Problem statement: Set out exactly, and only, the lines running from the one containing "Man applying insect" to the bottom of the listing below; pictures stay out.

--------------------

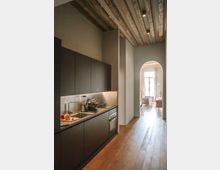 Cucina moderna e lineare in un ambiente stretto, con mobili neri opachi, lavello e piano di lavoro illuminato da luce sottopensile. Soffitto alto con travi in legno a vista, pavimento in parquet e arco che conduce a una stanza luminosa con grande finestra.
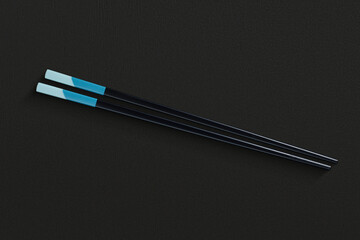 Chopsticks in dark material, placed on a black textured background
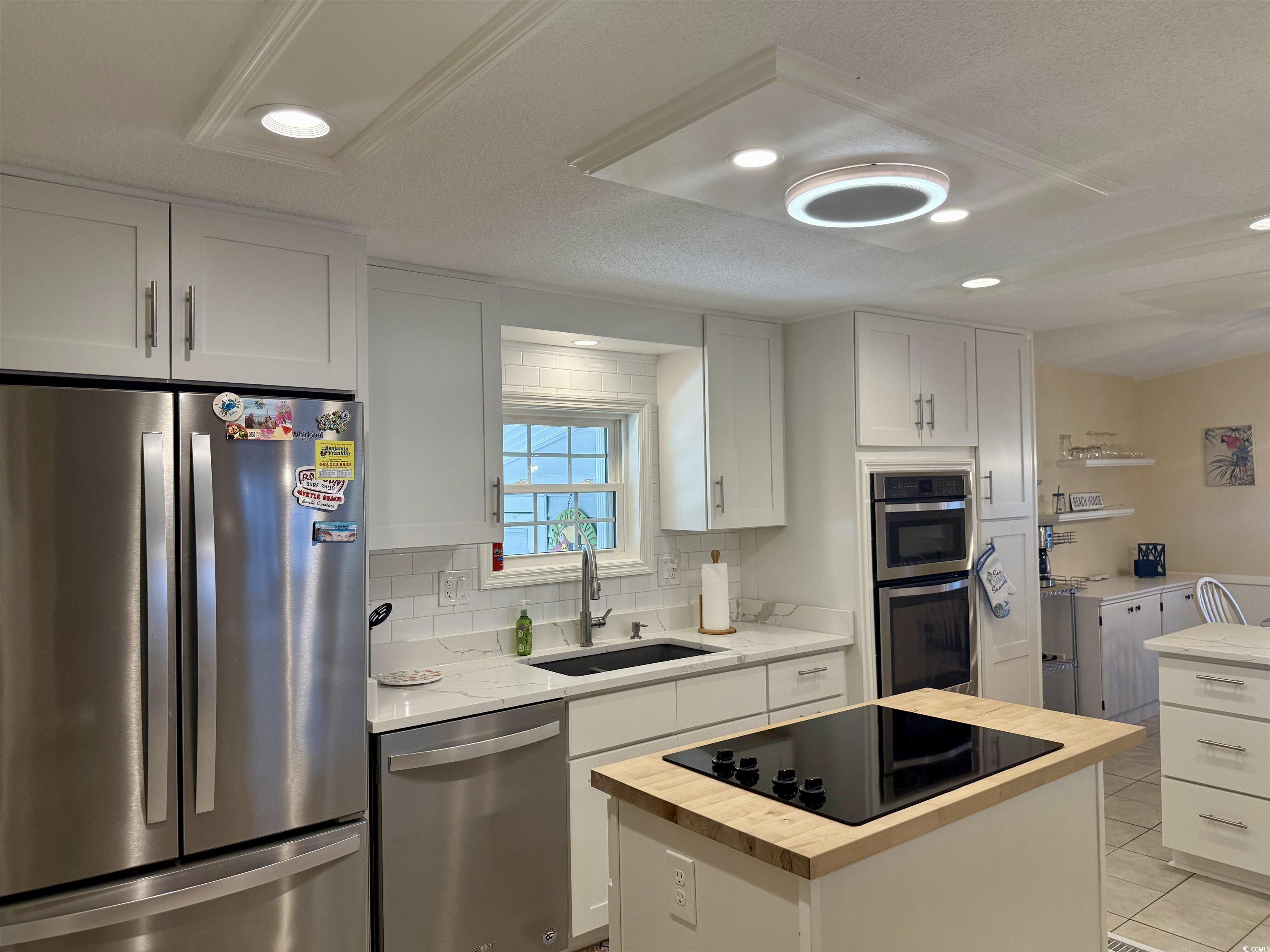 416 Oceanside Drive Surfside Beach, SC 29575 - Photo 2 of 37 Kitchen featuring appliances with stainless steel finishes, wood counters, recessed lighting, tasteful backsplash, and a kitchen island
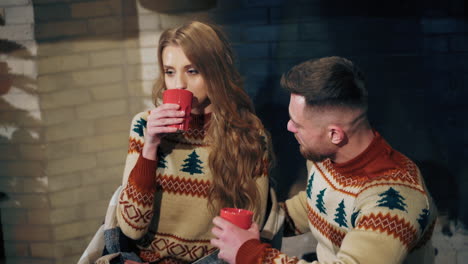 couple in love drinking tea. young man and beautiful girl in knitted christmas sweaters sitting near the fireplace. man kisses his girlfriend. romantic evening.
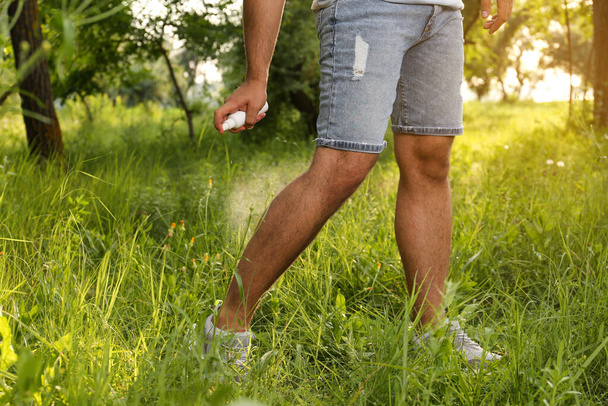Man applying insect repellent on leg in park, closeup. Tick bites prevention - Фото, зображення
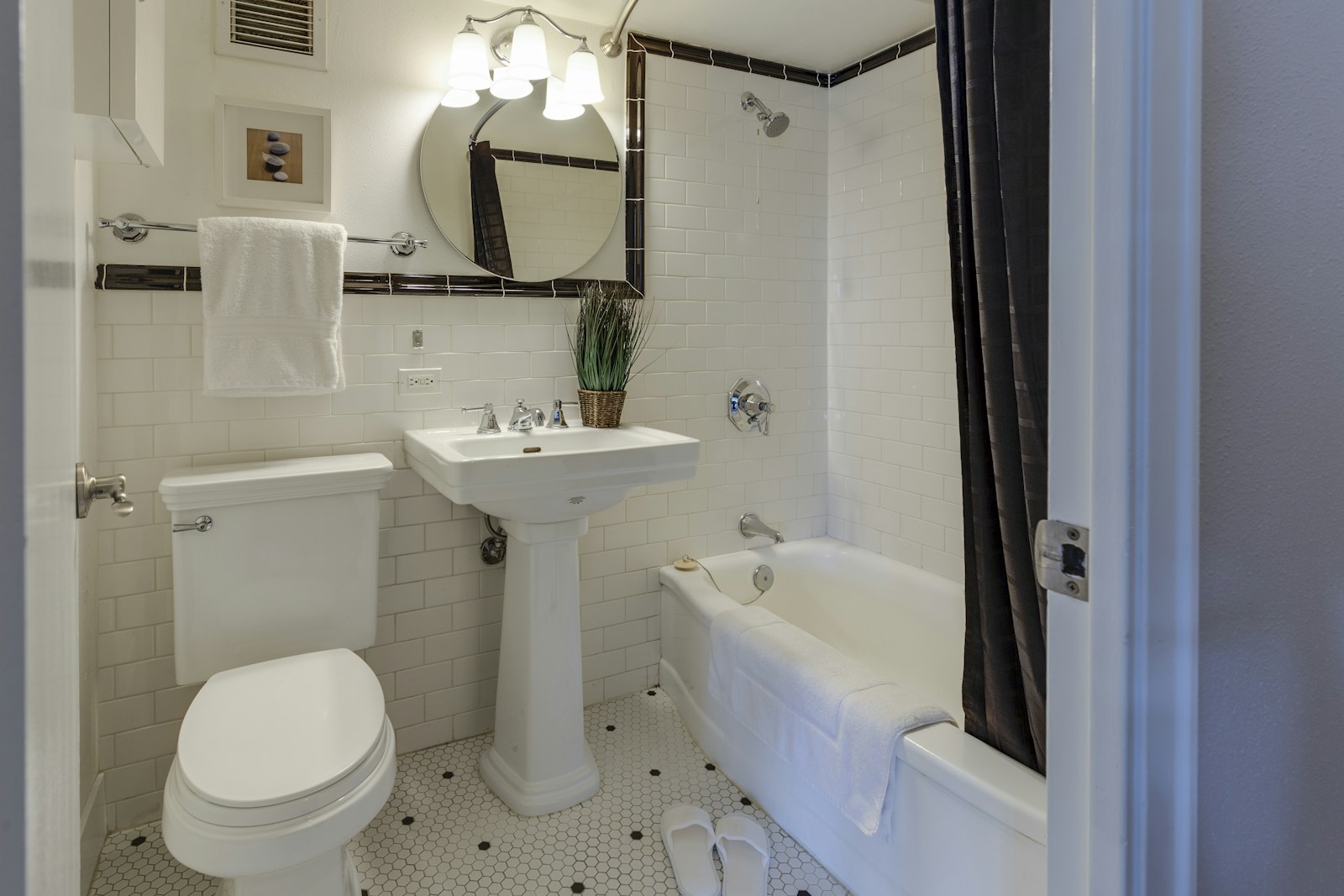 White tiled bathroom with pedestal sink and tub, no people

--------------------

Written reply:
Man applying insect repellent on leg in park, closeup. Tick bites prevention - Фото, зображення
 White tiled bathroom with pedestal sink and tub, no people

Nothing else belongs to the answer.